Spencer Ackerman writes about al-Qaeda in the Arabian Peninsula's latest venture, which is apparently a print magazine:

The magazine itself has a hefty feature well, reports The Atlantic’s Marc Ambinder, consistent with what any ambitious editor would want to see in a rollout issue. Osama bin Laden himself offers his thoughts on “How to Save the World”: blow stuff up when people disagree with you about what’s Islamic! His deputy, Ayman al-Zawahiri shares his insights on what’s going down in Yemen. But the anchor is a message from Anwar al-Awlaki, the New Mexico-born preacher who’s become al-Qaeda’s biggest draw as an online propagandist. So much so that the Obama administration reserves unto itself the right to kill Awlaki, a U.S. citizen, without due process of law.

And then there are some promising front-of-the-book experiments. “What to Expect in Jihad” is self-explanatory. “The AQ Chef” gives you a step-by-step on “How To Make A Bomb In The Kitchen Of Your Mom.” And that threads the needle for the apparent purpose of launching Inspire: getting frustrated Muslim youth to buy into al-Qaeda’s holistic conspiracy theory that the crises of the modern era are attributable to a nefarious American/Jewish alliance against True Islam, and then giving them the tools to murder people.

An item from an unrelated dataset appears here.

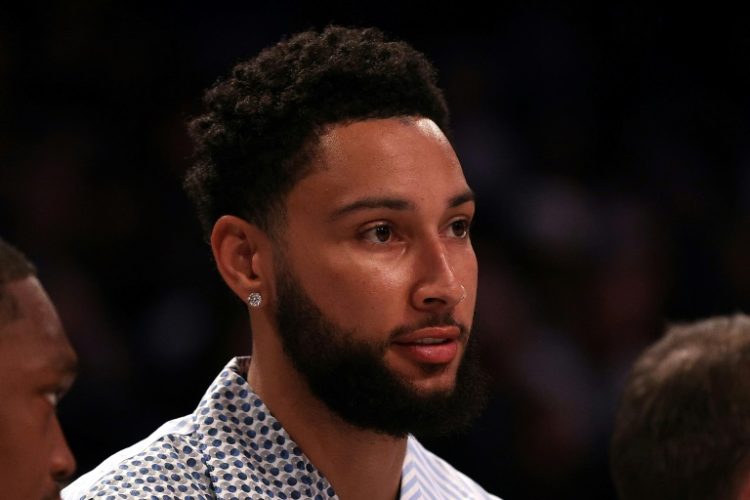 Brooklyn Nets guard Ben Simmons will miss the rest of the NBA season with ongoing back issues. ©AFP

Marc Lynch says it's not clear whether the magazine is legit, but if it is, I think the U.S. might have a big opportunity here. Osama bin Laden's stated goal was to lure America into various wars in order to "bleed America to the point of bankruptcy."

Sounds to me like making sure al-Qaeda continues to publish a print magazine is a chance to return the favor. Talk about your resource-sucking quagmires.